Why is virtual member function being called from base class instead of a subclass

Question

I was writing a short snippet of code to figure out how I would store different template specializations into one data structure (e.g. vector). I'm aware of tuple but that's not good because I want to be able to append specializations after the tuple was constructed.

Below is a snippet of code that I came up with. In short, my idea was to have every template specialization inherit from a common class Element and then store such instances into a vector<Element>. That worked, but now when I access that data from vector, I access it as an Element. I need some way to find out which Element is paired with which template specialization.

Using typeid directly on elements from the vector returns the base type. I tried to work around that by having a member function runtime_type return that information from the subclass. Unfortunately, it's not working because the member function from SparseSet<T> is not overriding the virtual member function from the base class.
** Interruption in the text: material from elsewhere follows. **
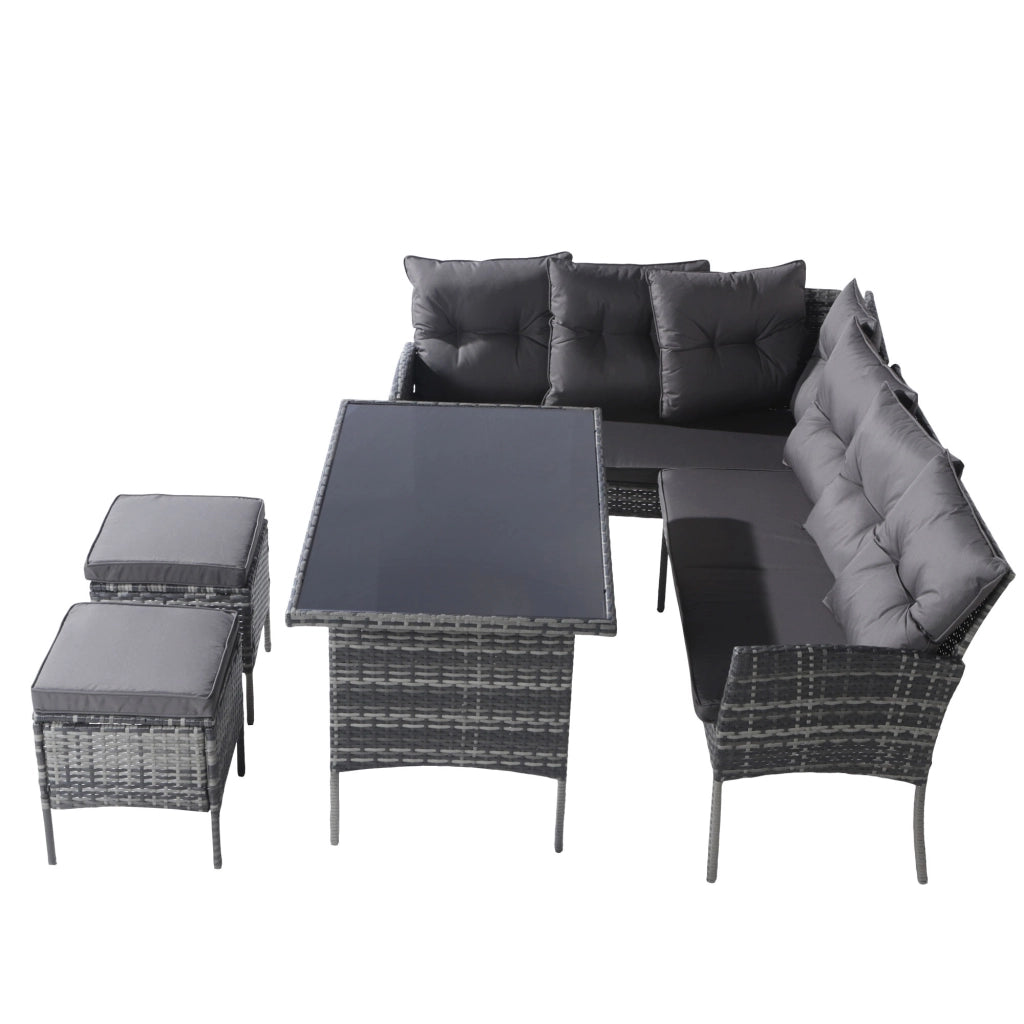 Set salotto polyrattan 7 persone: Divanooo + tavolo + sgabello + cuscini; tessuto sfoderabile lavabile; grigio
I'm not sure why.

#include <vector>
#include <iostream>
#include <tuple>
#include <typeinfo>
#include <algorithm>

class Element
{
public:
    virtual const std::type_info& runtime_type()
    {
        std::cout << " Called base ";
        return typeid(*this);
    }

    virtual ~Element() = default;
};

template<class T>
class SparseSet : public Element
{
public:
    T param;

    const std::type_info& runtime_type() override
    {
        std::cout << " Called derived ";
        return typeid(*this);
    }
};

class Manager
{
public:
    std::vector<Element> elements;

    template<class T>
    bool has()
    {
        const auto it = std::find_if(elements.begin(), elements.end(), [](auto &element) {
            std::cout << "typeid(element) = " << element.runtime_type().name() << std::endl;
            std::cout << "typeid(T) = " << typeid(T).name() << std::endl;
            return typeid(element) == typeid(T); 
        });
        return it != elements.end();
    }
};

int main()
{   
    SparseSet<int> ss_int;
    ss_int.param = 3;

    SparseSet<char> ss_char;
    ss_char.param = 'a';

    Manager manager;

    manager.elements.push_back(ss_int);
    manager.elements.push_back(ss_char);

    std::cout << manager.has<SparseSet<int>>() << std::endl;

    return 0;
}

When I run the snippet above, using the online compiler coliru (g++ -std=c++17 -O2 -Wall -pedantic -pthread main.cpp && ./a.out), I get the following output.

typeid(element) =  Called base 7Element
typeid(T) = 9SparseSetIiE
typeid(element) =  Called base 7Element
typeid(T) = 9SparseSetIiE
0

Answer 1

std::vector<Element> elements;

This means that elements is a vector of instances of the class Element, period. When a vector allocates memory, for example, it allocates contiguous space leaving sizeof(Element) for each instance. How can that be used to hold an instance of SparseSet?

You may want to use a std::vector<std::unique_ptr<Element>>, since a unique_ptr<Element> can hold a pointer to a SparseSet.